Task goal
Leave the images aside and copy out the whole listing, exact to the word.

Source material

========================

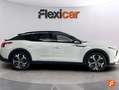 Citroen C5 X Hybrid Shine Pack EAT8 225 Blanco - thumbnail 3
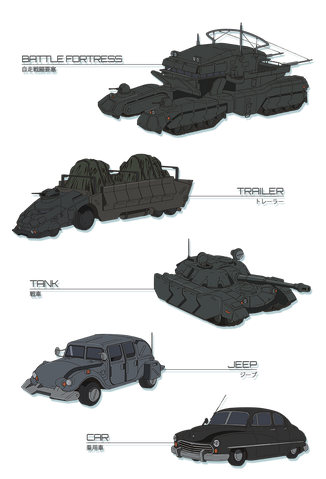 File:Ingelmia Vehicles.png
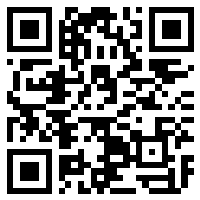 QR Code for Xfe3BFhEvgn1vzUcHNC6zvAzCD3j79QPKt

========================

Solution to this exercise
 Citroen C5 X Hybrid Shine Pack EAT8 225 Blanco - thumbnail 3
 File:Ingelmia Vehicles.png
 QR Code for Xfe3BFhEvgn1vzUcHNC6zvAzCD3j79QPKt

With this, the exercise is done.